Im Raum stand ein runder Tisch, um den sich die beiden Stühle platzierten. Mit zwei Tassen frisch aufgebrühtem Kaffee kehrte Goya an den Tisch zurück, an dem Jane wartete und nichts mehr sagte, denn noch immer machte sie sich ihre Gedanken über den Künstler und versuchte zugleich, ihre eigene Lage richtig einzuschätzen.
Hin und wieder kam ihr der Gedanke, in einer Falle zu stecken.
Möglicherweise hatte sie eben zu lange vor dem bewussten Bild gestanden. Das hatte Goya misstrauisch gemacht.
Wenn das stimmte, dann musste das Bild etwas zu verbergen haben.
Mit der Frau stimmt was nicht! Mehr denn je war Jane Collins davon überzeugt. Sie ließ sich jedoch nichts anmerken und versuchte, so locker wie möglich zu wirken.

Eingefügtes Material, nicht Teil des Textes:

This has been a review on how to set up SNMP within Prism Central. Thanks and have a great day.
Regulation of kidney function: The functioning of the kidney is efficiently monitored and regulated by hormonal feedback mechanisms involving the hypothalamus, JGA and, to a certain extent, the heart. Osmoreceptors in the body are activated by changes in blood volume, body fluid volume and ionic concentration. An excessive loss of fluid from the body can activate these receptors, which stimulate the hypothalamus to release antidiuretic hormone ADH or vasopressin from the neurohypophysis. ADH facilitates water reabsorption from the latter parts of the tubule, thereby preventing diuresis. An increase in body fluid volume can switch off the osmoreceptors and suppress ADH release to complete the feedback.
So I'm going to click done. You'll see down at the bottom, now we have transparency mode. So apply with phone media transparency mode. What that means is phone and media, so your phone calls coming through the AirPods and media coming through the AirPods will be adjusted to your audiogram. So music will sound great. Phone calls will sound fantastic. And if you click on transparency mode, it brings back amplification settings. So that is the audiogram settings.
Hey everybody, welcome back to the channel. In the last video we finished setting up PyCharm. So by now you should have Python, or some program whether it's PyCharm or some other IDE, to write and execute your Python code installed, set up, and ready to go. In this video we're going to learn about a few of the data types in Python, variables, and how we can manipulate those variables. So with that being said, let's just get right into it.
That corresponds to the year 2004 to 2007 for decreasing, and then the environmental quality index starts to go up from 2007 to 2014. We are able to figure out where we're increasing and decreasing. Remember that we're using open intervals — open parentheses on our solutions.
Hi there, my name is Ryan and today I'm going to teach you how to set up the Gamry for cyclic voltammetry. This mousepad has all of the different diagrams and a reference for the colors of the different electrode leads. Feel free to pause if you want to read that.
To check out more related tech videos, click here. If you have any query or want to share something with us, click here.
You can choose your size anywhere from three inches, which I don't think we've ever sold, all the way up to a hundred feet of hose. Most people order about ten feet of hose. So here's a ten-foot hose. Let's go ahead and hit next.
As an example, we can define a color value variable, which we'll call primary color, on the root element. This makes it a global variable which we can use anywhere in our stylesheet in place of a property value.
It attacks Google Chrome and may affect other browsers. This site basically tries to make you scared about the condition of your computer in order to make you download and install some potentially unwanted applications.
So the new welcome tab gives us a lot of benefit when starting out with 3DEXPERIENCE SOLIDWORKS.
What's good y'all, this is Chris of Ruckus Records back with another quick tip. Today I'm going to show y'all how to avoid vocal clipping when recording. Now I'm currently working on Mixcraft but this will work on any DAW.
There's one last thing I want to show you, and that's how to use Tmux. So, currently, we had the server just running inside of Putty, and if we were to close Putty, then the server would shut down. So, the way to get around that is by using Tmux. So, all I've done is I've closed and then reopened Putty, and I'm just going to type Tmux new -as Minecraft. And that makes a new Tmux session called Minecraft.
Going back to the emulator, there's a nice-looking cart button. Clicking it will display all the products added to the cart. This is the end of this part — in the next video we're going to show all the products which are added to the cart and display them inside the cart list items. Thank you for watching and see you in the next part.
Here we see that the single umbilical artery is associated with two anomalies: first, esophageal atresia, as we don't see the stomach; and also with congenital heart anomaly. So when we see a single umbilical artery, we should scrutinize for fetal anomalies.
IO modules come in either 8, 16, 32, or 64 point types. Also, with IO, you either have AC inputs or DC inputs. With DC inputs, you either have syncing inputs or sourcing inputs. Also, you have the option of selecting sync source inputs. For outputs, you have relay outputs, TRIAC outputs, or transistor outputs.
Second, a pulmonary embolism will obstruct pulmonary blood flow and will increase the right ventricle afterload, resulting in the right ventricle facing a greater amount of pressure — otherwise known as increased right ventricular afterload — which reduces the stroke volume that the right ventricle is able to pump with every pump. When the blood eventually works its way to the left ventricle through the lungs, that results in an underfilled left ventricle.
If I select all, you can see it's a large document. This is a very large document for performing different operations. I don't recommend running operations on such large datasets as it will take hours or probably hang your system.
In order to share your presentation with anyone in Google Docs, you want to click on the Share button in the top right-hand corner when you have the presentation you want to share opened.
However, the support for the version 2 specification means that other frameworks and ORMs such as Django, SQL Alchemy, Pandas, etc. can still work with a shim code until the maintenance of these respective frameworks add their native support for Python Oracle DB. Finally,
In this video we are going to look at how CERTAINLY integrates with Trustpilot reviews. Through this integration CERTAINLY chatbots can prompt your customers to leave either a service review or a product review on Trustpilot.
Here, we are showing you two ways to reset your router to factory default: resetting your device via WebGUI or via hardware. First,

Aristide Goya brachte die gefüllten Tassen zum Tisch. Dann setzte er sich. »Es ist kein gewöhnlicher Kaffee, müssen Sie wissen, Jane.«
»Wie soll ich das verstehen?«
»Nun, ich habe die Bohnen aus der Karibik mitgebracht. Eine Spezialität, wie sie nur ein Freund von mir herstellen kann. Vielleicht ist er für Sie ein wenig bitter, aber man kann sich daran gewöhnen, wie Sie an mir sehen.«
»Sehr schwarz ist er zumindest«, sagte Jane, als sie auf die Oberfläche schaute.
»Das muss so sein.«
Beide hoben ihre Tassen an und tranken. Jane trank sehr vorsichtig und in kleinen Schlucken, als sie merkte, wie heiß der Kaffee war.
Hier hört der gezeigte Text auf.